24.05.2013, 17.39 Uhr swr.de
"Er nimmt seine Pistole und erschießt das Baby"

Bei dem SS-Wachmann könnte es sich um Hans Lipschis handeln. Darüber berichtet die Zeitung in ihrer Freitagsausgabe. Das Interview gab der gebürtige Slowake Miso Vogel im Jahr 1989 dem United States Holocaust Memorial Museum. Auf dessen Internetseite ist ein Teil davon online abrufbar. Vogel starb im November 2000.

In dem Video-Interview sagt Vogel: "Sein voller Name ist Hans Lipsky. Er war ein SS-Aufseher in Auschwitz. Er arbeitete an den Eisenbahngleisen, wo die Transporte ankamen." Vogel sagt überzeugt: "Er war ein Mörder. Er war ein Killer." Der "Welt" liegt die volle Abschrift des Interviews vor. Sie lasse keinen Zweifel daran, dass Vogel mit Lipsky den SS-Wachmann Hans Lipschis meint, so "Die Welt". Bei Lipsky könnte es sich um die amerikanische Aussprache des Namens Lipschis handeln.

Vogel sah demnach mit eigenen Augen, wie "Hans Lipsky" ein Kind erschoss. "Ich erinnere mich an einen der Jungs, der ein kleines Kind hielt, ein kleines Baby, und er nimmt seine Pistole raus und erschießt das Baby in den Händen des Gefangenen."
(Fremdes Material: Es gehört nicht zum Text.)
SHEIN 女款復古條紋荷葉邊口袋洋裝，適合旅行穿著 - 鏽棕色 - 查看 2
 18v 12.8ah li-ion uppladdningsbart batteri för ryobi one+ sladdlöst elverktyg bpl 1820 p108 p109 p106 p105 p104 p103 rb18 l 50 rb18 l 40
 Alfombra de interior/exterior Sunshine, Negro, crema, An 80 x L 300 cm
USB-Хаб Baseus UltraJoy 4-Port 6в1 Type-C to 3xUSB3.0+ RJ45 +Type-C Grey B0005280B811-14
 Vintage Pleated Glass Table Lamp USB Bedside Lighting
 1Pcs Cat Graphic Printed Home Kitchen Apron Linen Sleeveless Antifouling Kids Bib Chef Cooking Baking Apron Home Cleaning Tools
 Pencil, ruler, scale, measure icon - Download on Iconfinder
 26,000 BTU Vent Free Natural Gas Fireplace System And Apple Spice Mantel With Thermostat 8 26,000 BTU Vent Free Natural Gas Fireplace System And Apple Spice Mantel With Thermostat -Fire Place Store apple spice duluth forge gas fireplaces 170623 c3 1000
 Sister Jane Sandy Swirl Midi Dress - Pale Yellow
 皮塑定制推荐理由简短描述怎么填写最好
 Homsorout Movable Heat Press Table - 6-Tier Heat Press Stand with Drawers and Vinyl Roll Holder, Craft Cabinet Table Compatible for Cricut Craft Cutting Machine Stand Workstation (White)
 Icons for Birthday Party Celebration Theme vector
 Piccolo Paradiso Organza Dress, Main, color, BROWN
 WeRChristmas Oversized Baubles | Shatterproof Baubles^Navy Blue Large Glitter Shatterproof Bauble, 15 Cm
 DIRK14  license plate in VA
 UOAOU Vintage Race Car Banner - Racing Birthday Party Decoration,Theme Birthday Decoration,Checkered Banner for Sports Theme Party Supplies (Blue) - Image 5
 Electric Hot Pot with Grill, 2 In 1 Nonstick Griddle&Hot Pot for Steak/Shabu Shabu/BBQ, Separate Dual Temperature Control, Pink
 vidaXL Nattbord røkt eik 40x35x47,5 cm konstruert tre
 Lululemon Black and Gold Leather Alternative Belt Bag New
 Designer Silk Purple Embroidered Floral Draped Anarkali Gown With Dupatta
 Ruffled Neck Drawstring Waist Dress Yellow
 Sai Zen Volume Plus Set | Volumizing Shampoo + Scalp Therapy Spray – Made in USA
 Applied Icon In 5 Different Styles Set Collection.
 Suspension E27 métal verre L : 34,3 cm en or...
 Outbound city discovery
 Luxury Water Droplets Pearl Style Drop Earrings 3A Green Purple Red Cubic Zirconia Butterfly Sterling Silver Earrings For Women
Lipschis Anwalt hält Video für wenig beweiskräftig

Der Anwalt des Beschuldigten hält die neuen Vorwürfe gegen seinen Mandanten für wenig stichhaltig. Er sagte dem SWR, dass das Interview mit dem inzwischen verstorbenen Zeitzeugen kaum Beweiskraft habe, da er nicht mehr befragt werden könne.

Aussagen Vogels nicht Teil der Anklage

Die Aussagen des Zeugen Vogel über etwaige Verbrechen von Lipschis in Auschwitz fließen jedoch nicht in die jetzige Anklage der Staatsanwaltschaft ein. Sie finden sich nach Informationen der "Welt" nicht in den Dokumenten der NS-Fahndungsstelle in Ludwigsburg, die gegen Lipschis ermittelt.

USA bereiteten Prozess vor

Der gebürtige Litauer Lipschis war 1983 aus den USA in die Bundesrepublik ausgereist. Die USA waren damals dabei, gegen ihn einen Prozess vorzubereiten. Nach Informationen der "Welt" wurde in diesem Zusammenhang auch Miso Vogel befragt. Auf einem Foto, das ihm Ermittler der "Office for Special Investigation" (OSI) - eine Sondereinheit des Justizministeriums - zeigten, soll er 1982 Lipschis identifiziert haben. Erst dabei soll er auch dessen Namen erfahren haben.

Bis vor kurzem lebte der ehemalige KZ-Aufseher Lipschis in Aalen. Seit zwei Wochen sitzt der heute 93-Jährige in Untersuchungshaft. Der Vorwurf der Staatsanwaltschaft Stuttgart lautet auf Beihilfe zum Mord in 9.515 Fällen. Der Prozess könnte im Oktober beginnen.